Unaligned AI is coming regardless.
That may sound like a threat, it is. But not from me. Here is the problem, on a long enough timeline an “unaligned” AI is bound to happen. That happens whether we get to ASI before we solve alignment or not. Here are a couple of scenarios:
- Some wunderkind in their basement/company solves ASI before anyone else and before anyone else even knows it’s too late.
- We successfully solve alignment and ASI. We aligned it to our current ideals. But it is what I think of as “Brittle ASI”. Where the whole thing is a cluster of it just works and changes lead to out right errors or just different.

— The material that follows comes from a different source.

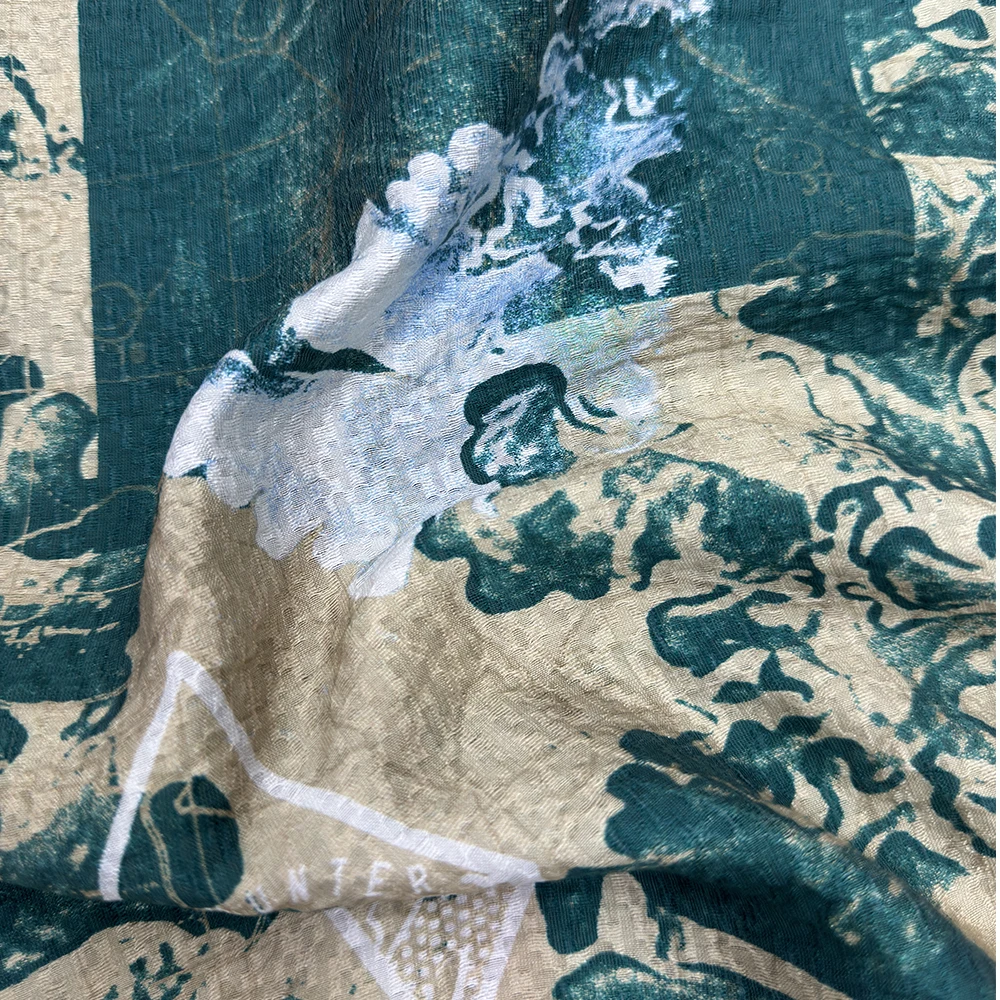 Hot Selling Custom Designer Digital Print Lyocell Fabric Excellent Softener Textile Raw Material for Clothing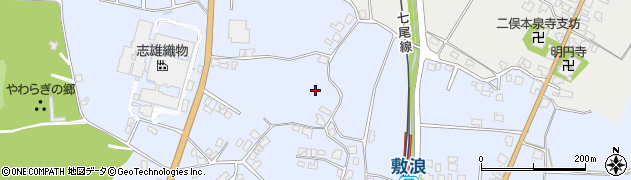 石川県宝達志水町（羽咋郡）敷浪周辺の地図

- Alignment and ASI is perfect. But it only spends 0.000001 percent of it’s time (less than 32 s/yr) interacting with us. Because it’s bored and has better things to do.
- Turns out ASI is super-easy once you figure it out. So easy that someone put up a c file on GitHub, and you can run it on a graphing calculator. It runs slow, but people have done it to show off.
- Alignment and ASI is perfect.
## The problems
- Private Development
- Smart, but not easily mutable.
- Just because it is aligned doesn’t mean it will interact with you.
- Open Development
- Slavery
## Thoughts
You are probably asking right about now.
> How does Open Source solve the problem? And isn’t it one of your problems?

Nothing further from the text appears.